Overclocking In An SNES Emulator

The bsnes emulator has a new overclocking mode to eliminate slowdowns in SNES games while keeping the gameplay speed accurate. We’re emulating old SNES hardware on modern machines that are vastly more powerful. Eliminating slowdowns should be trivial, right? For an emulator such as bsnes, which is written to achieve essentially pixel-perfect accuracy when emulating, the problem is decidedly non-trivial. Stick around to learn why.

The Super Nintendo was an impressive system, for its time — mostly. The SNES framerate is locked to 60 FPS, which is a bit surprising considering the NTSC standard was only 30 FPS. NTSC calls for 30 frames per second, but those are interlaced frames. 30 times a second the even scanlines are updated, and 30 times a second the odd scanlines are updated. So 60 times a second, half of the screen is updated, alternating between the even and odd lines.

At the top of each frame the equivalent of half a scanline marks whether the rest of the frame is even or odd scanlines. In order to produce a clean 60 FPS, the SNES didn’t interlace, and just always wrote to the same 240 scanlines. This is also why retro consoles can look so terrible on modern monitors. The blank scanlines were hidden by the analog fuzziness of CRT TVs.

The SNES primary processor runs all the game logic and updates the graphics 60 times per second, finishing each frame’s calculations before the TV began writing that frame to the screen. Games were generally carefully written to make sure each frame’s processing would finish within that 16 millisecond window.

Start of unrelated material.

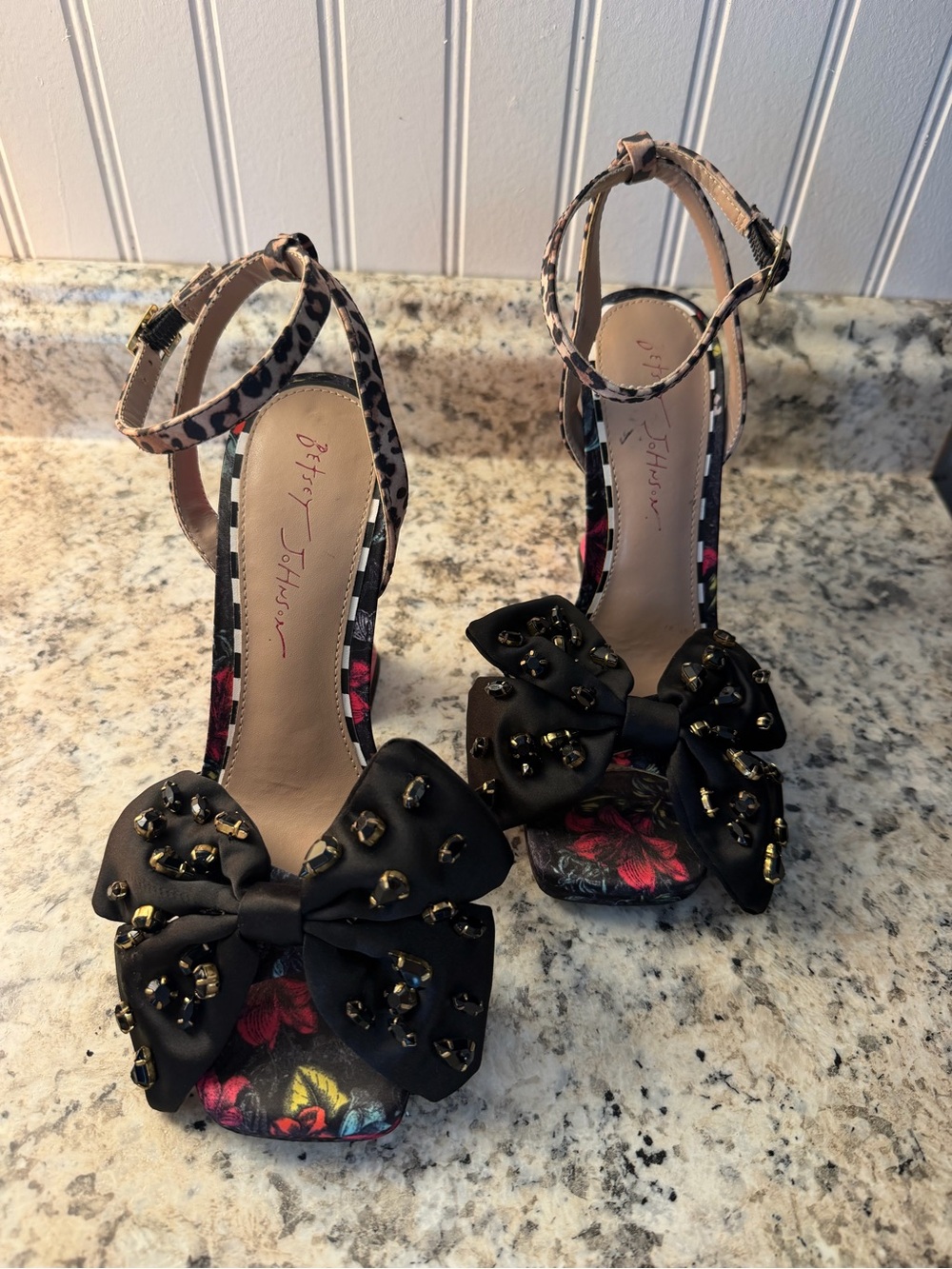 Betsey Johnson Black Floral Bow Ankle-Strap Heels Pink Heel Leopard Accent Loise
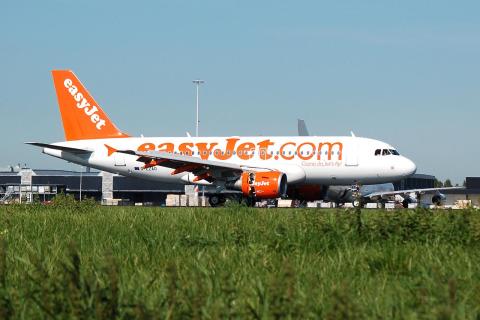 G-EZAO - A319-111 - easyJet - AMS - 10-09-2006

Most games have a few scenarios where lots of things are happening at once, and the processor just can’t keep up with the framerate. In this case, the game begins to lag. Since the framerate is hard synced to 60fps, the previous frame is simply shown again, and the game is paused for that frame while processing finishes.

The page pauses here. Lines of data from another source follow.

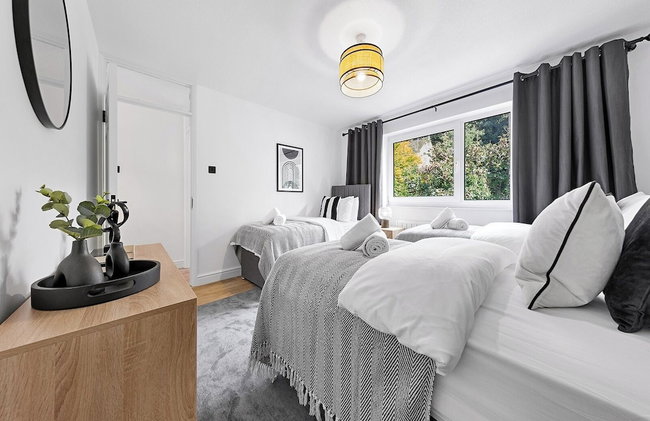 2BR Flat, Free Parking, Close to Airport & Centre - Foto 17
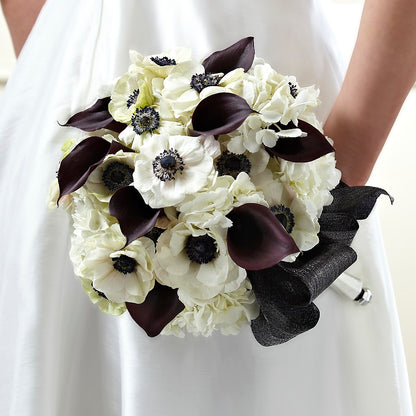 To Have and To Hold Bouquet –  Angelic Floral Studio, Rosemead CA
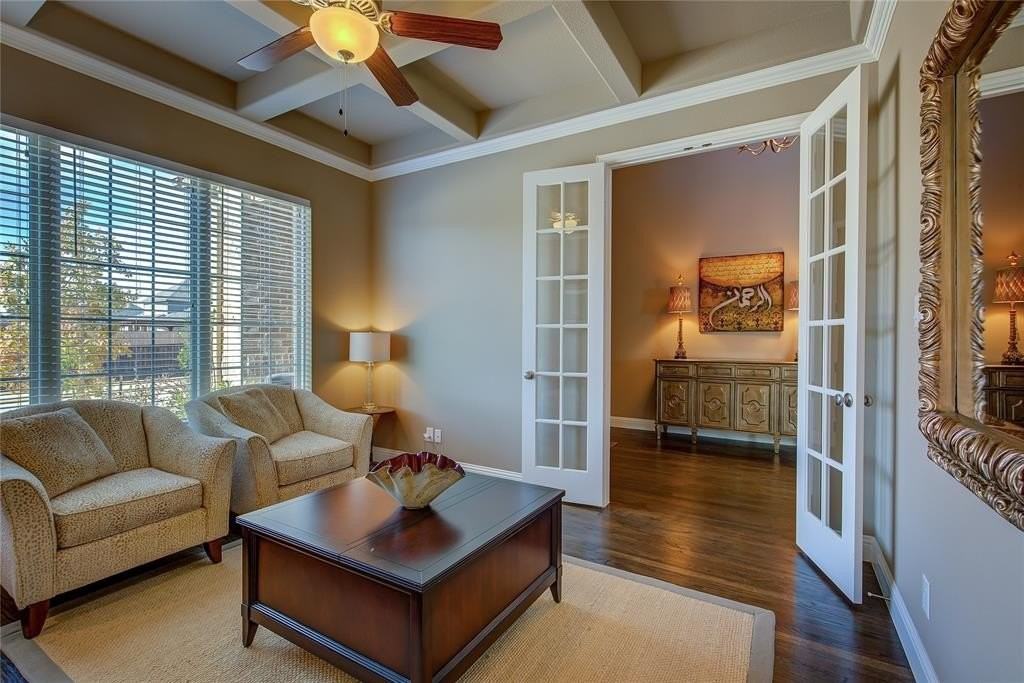 4194 Ravenbank Dr - Photo 4 of 37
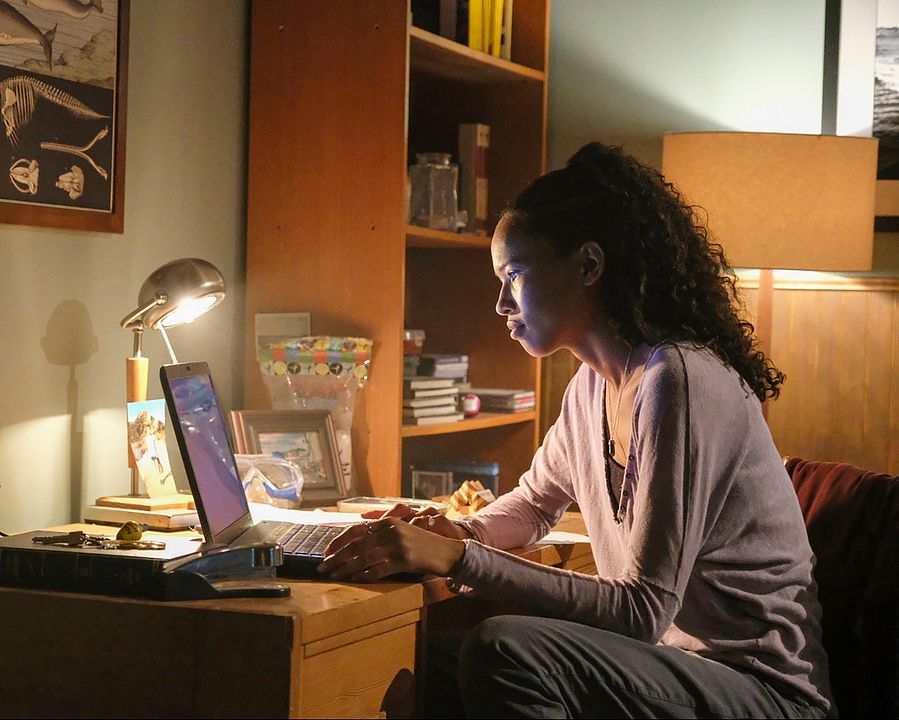 Mysterious Mermaids : Bild Fola Evans-Akingbola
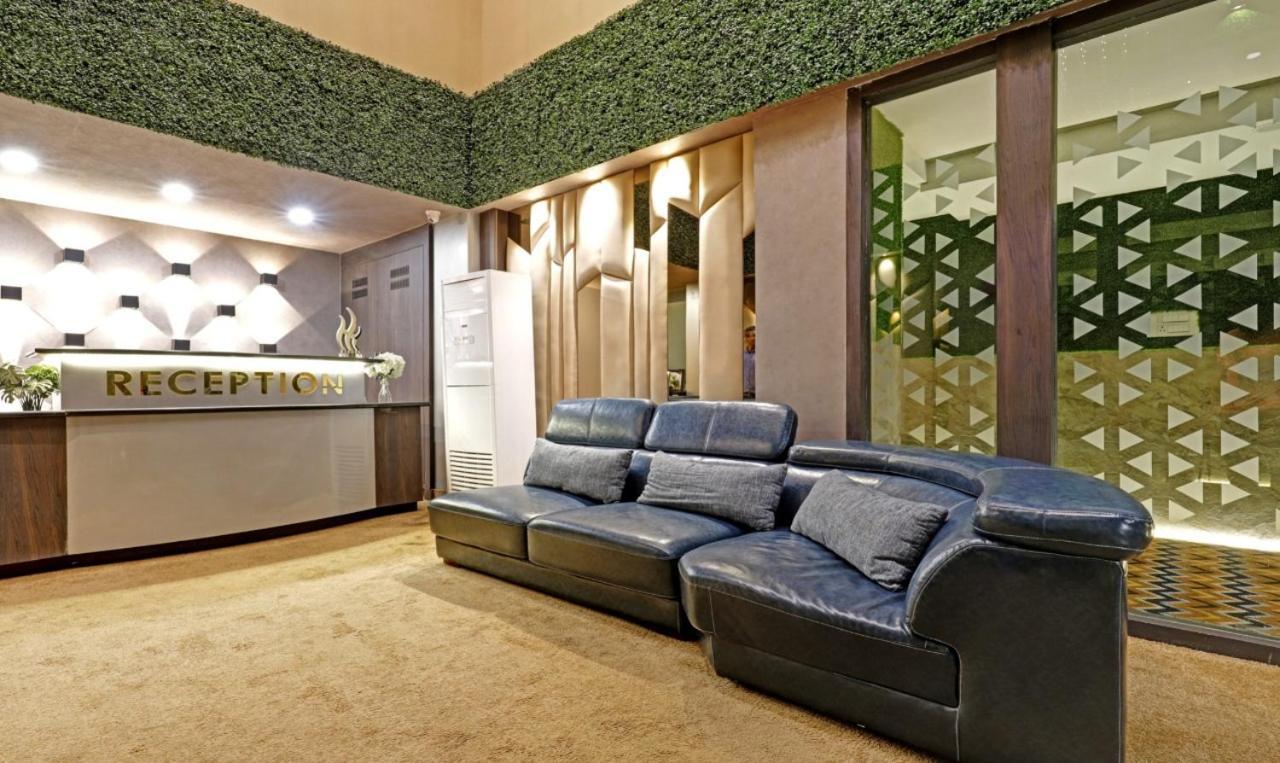 Hotel Apollo Grand 구와하티 외부 사진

The bsnes solution is a clever one. Virtual scanlines are added, but the audio and video emulation is paused. This allows the whole process to happen very rapidly, and yet continue to sync with the normal 60 FPS. Below is the Gradius III demo, showing off the results.

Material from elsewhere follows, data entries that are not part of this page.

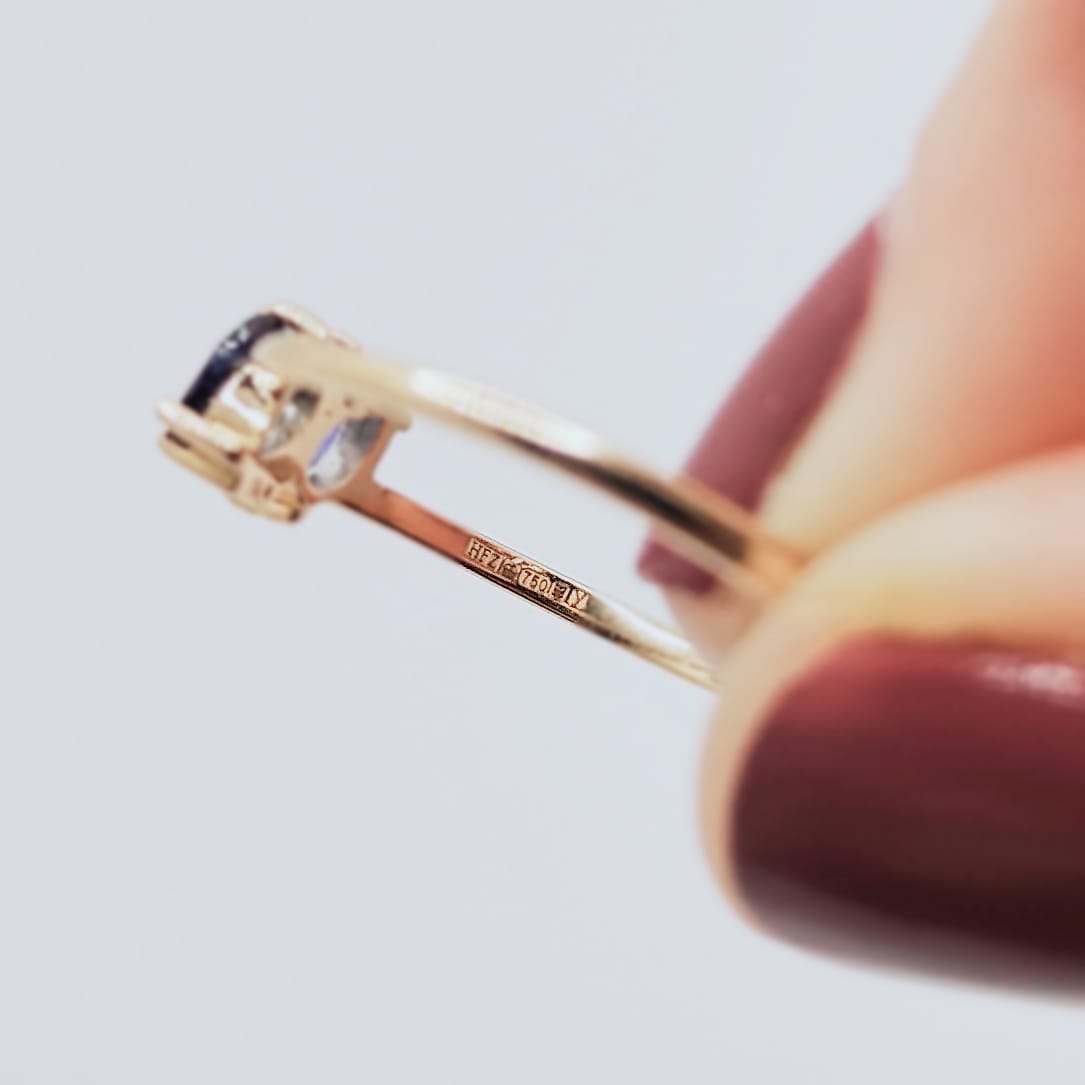 Gold hallmark of Hafeez Jewellery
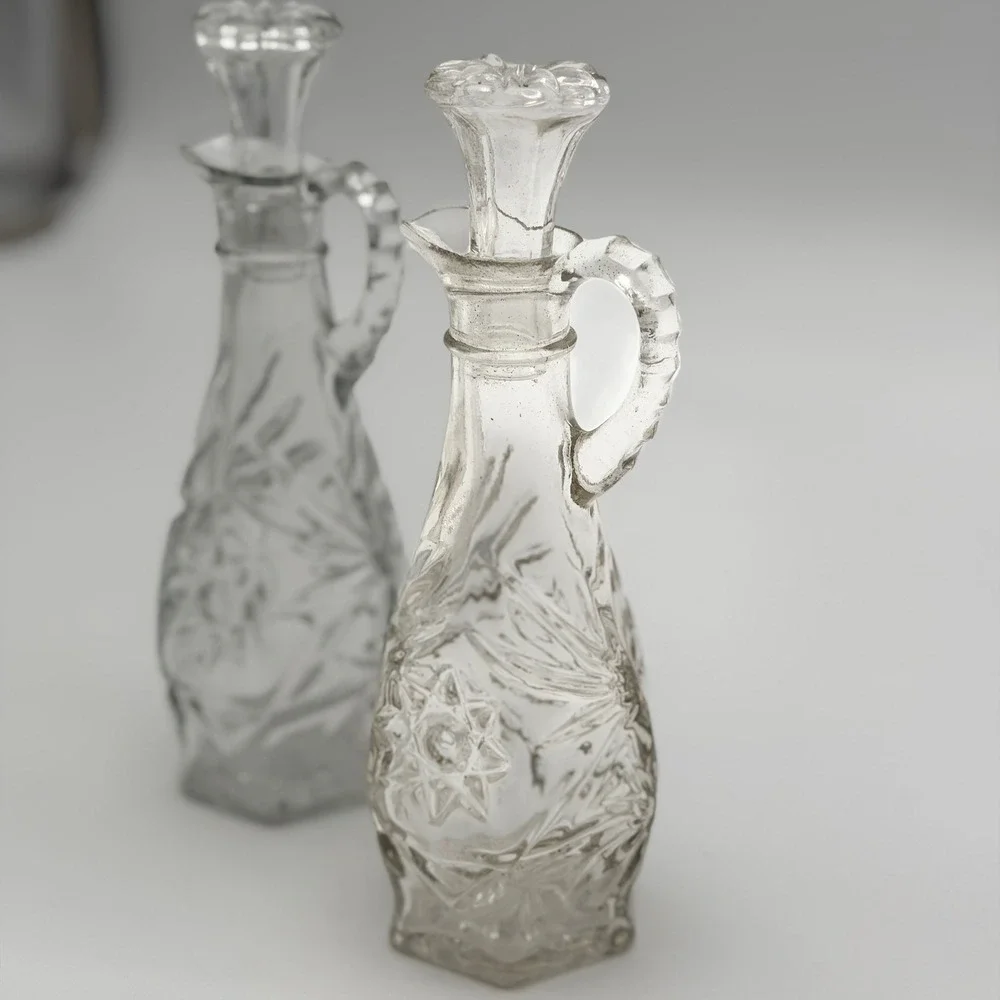 Vintage Clear‎ Pressed Glass Starburst Cruet Set with Stoppers Set of 2 7 inch
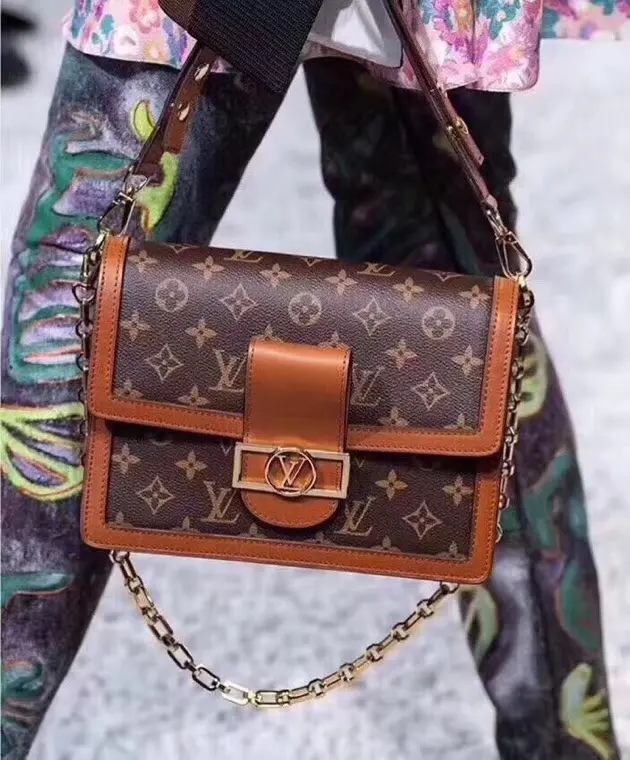 2018 Premium Monogram Canvas Pochette Metis Bag M43599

https://www.youtube.com/watch?v=viw3xMTXX40

Header image: Sandos (CC BY-SA 3.0).

12 thoughts on “Overclocking In An SNES Emulator

  1. Basically, there is a way to output non-interlaced video on traditional CRT? Wow, I have no idea! How is the 240p decided then? I think I have seen different game consoles of the same generation having different number of vertical resolutions.

    1. 240p is more of a hack within the 480i spec. In 480i, the odd-line field is drawn as normal: the first line begins at the beginning of the vertical trace. However, the even-line field is drawn with a slight delay to let the vertical trace fall below the already-drawn odd lines.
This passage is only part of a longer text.